Find the line with "Used 2022 Ford" in the records below. Output exactly from there until after the line with "Francuski ambasador odlikovao", without pictures.

[Opening Records shown section]

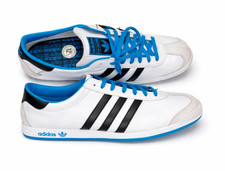 Vintage Adidas "The Sneaker" -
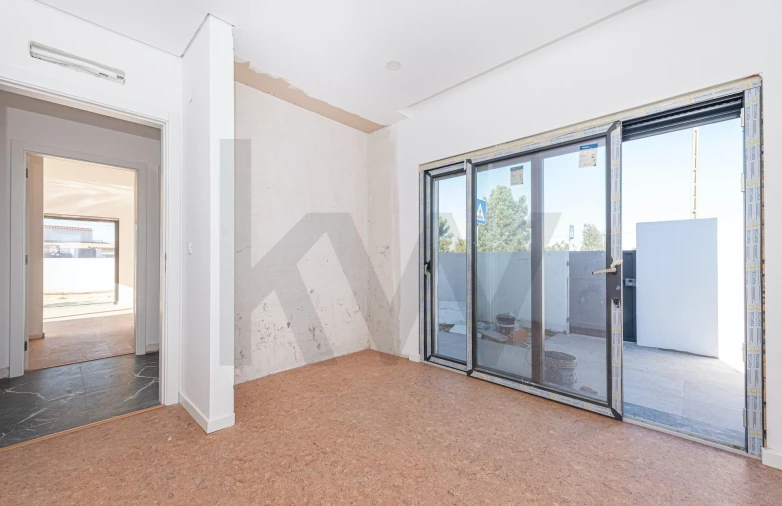 Moradia T3 para Venda em Quinta do Anjo Foto 4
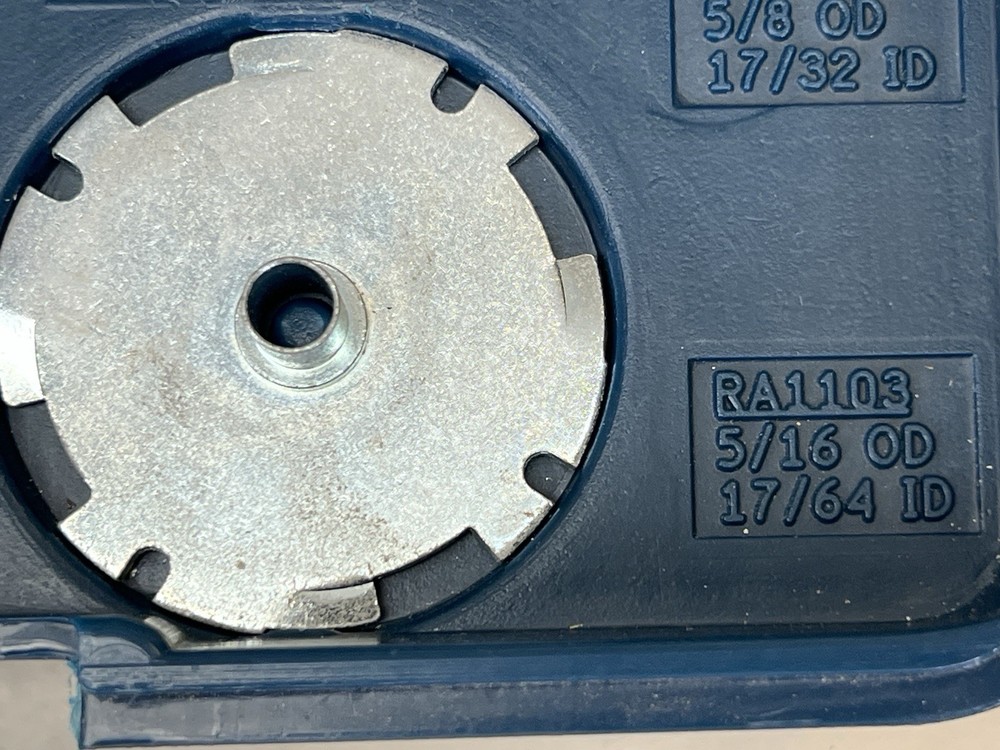 Bosch RA1129 Router Template Guide Set - Incomplete Read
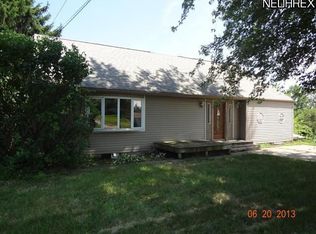 2444 Perry Dr SW, Canton, OH 44706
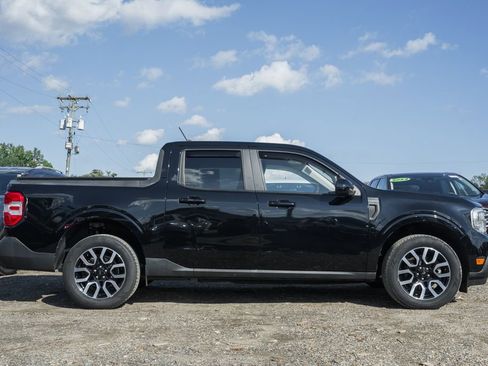 Used 2022 Ford Maverick Lariat w/ Lariat Luxury Package image 3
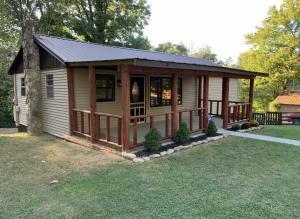 Property Photo:  4701 Cate Rd  TN 37871 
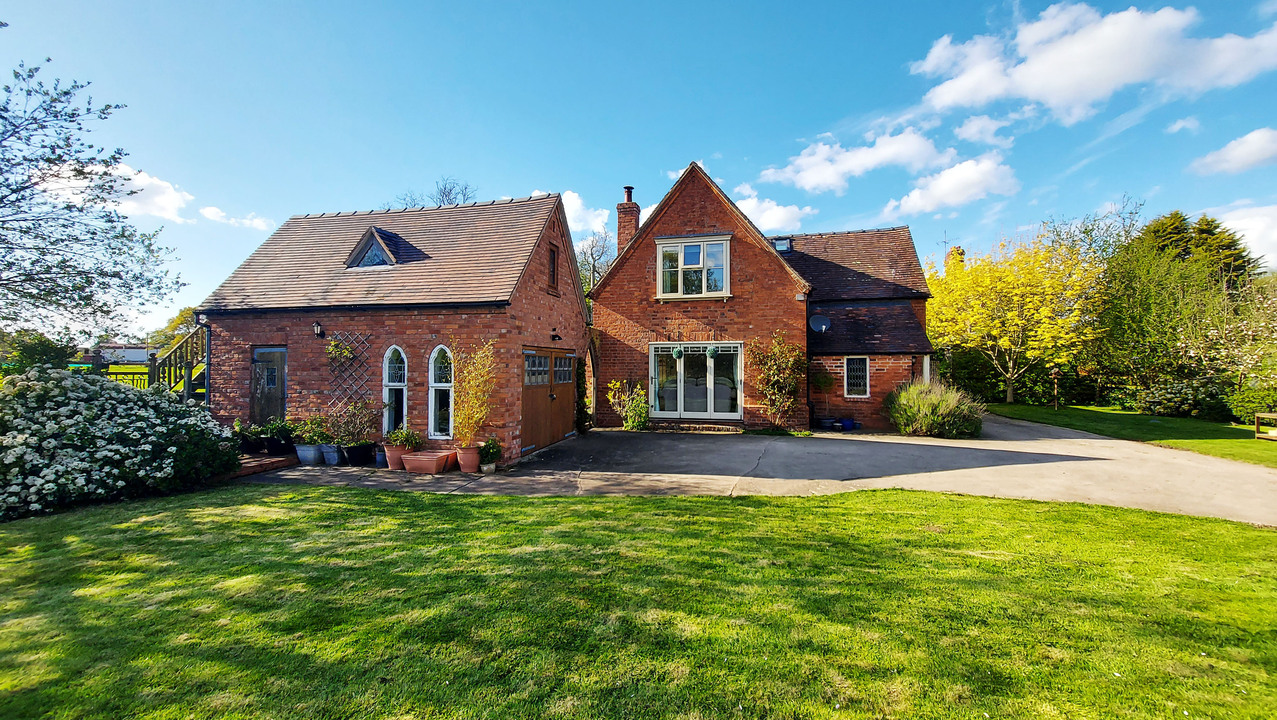 3 bed detached house for sale in Brinsop, Hereford - Property Image 1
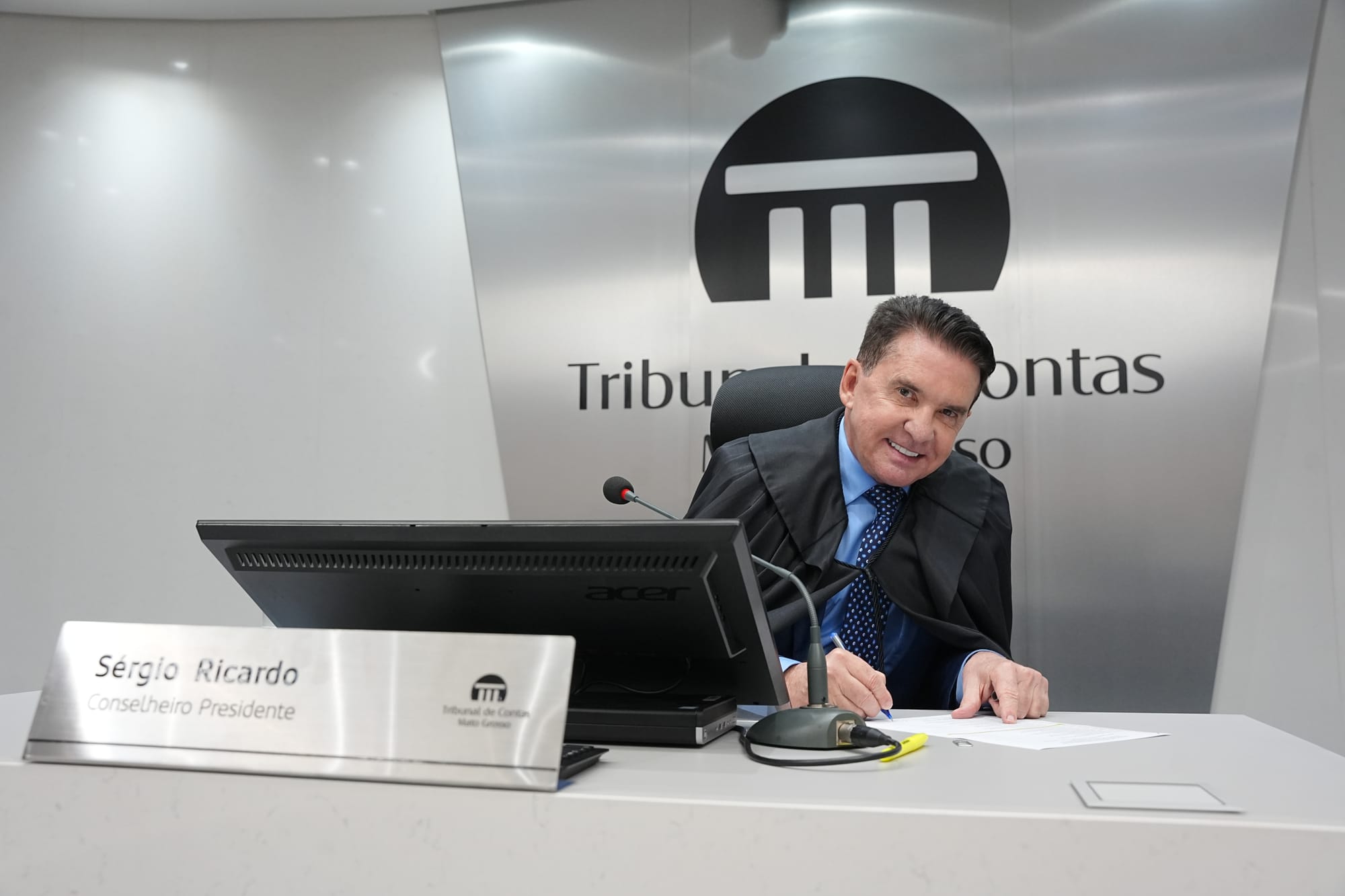 Sérgio Ricardo assume segundo mandato e se torna primeiro presidente reeleito do Tribunal de Contas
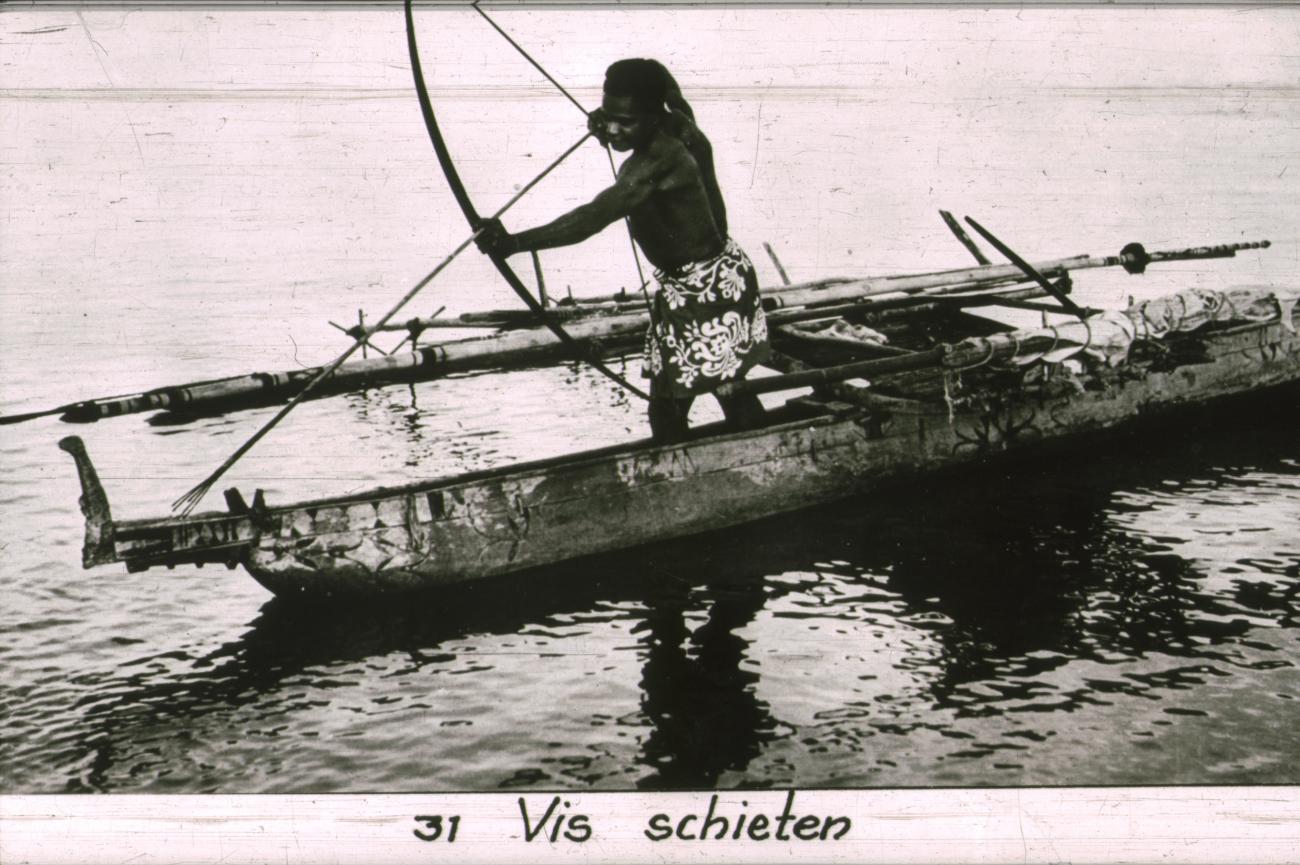 BD/186/73 - 
Man richt vanuit een prauw met pijl en boog op vis
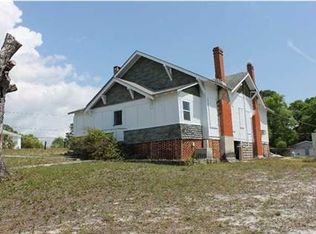 601 SE 3rd St, Carrabelle, FL 32322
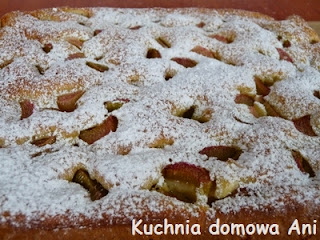 http://kuchnia-domowa-ani.blogspot.com/2012/05/ucierane-ciasto-z-rabarbarem.html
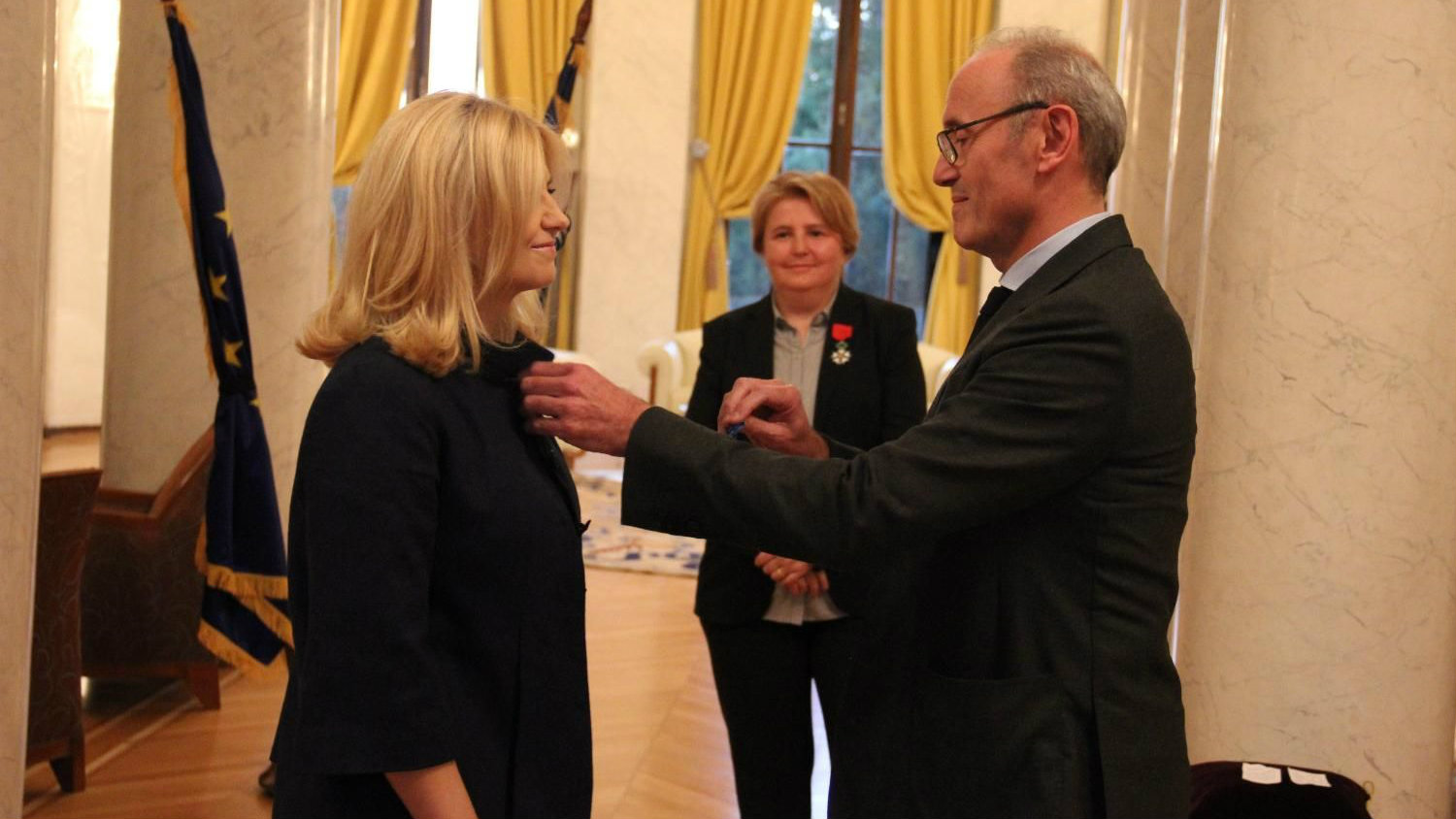 Francuski ambasador odlikovao Zagorku Dolovac i Gordanu Janićijević 1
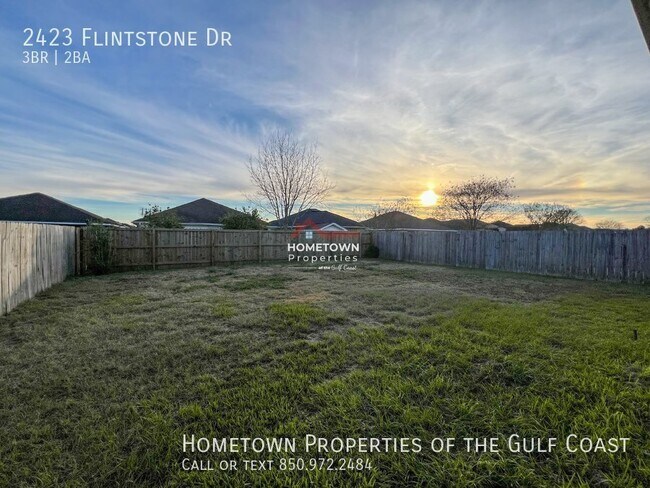 Building Photo - 2423 Flintstone Dr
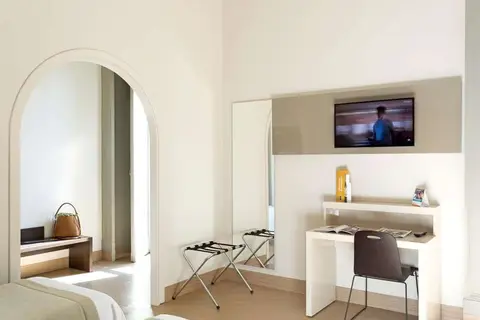 B&B HOTEL Napoli in Napels — foto 3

[Closing Records shown section]

Reply:
 Used 2022 Ford Maverick Lariat w/ Lariat Luxury Package image 3
 Property Photo:  4701 Cate Rd  TN 37871 
 3 bed detached house for sale in Brinsop, Hereford - Property Image 1
 Sérgio Ricardo assume segundo mandato e se torna primeiro presidente reeleito do Tribunal de Contas
 BD/186/73 - 
Man richt vanuit een prauw met pijl en boog op vis
 601 SE 3rd St, Carrabelle, FL 32322
 http://kuchnia-domowa-ani.blogspot.com/2012/05/ucierane-ciasto-z-rabarbarem.html
 Francuski ambasador odlikovao Zagorku Dolovac i Gordanu Janićijević 1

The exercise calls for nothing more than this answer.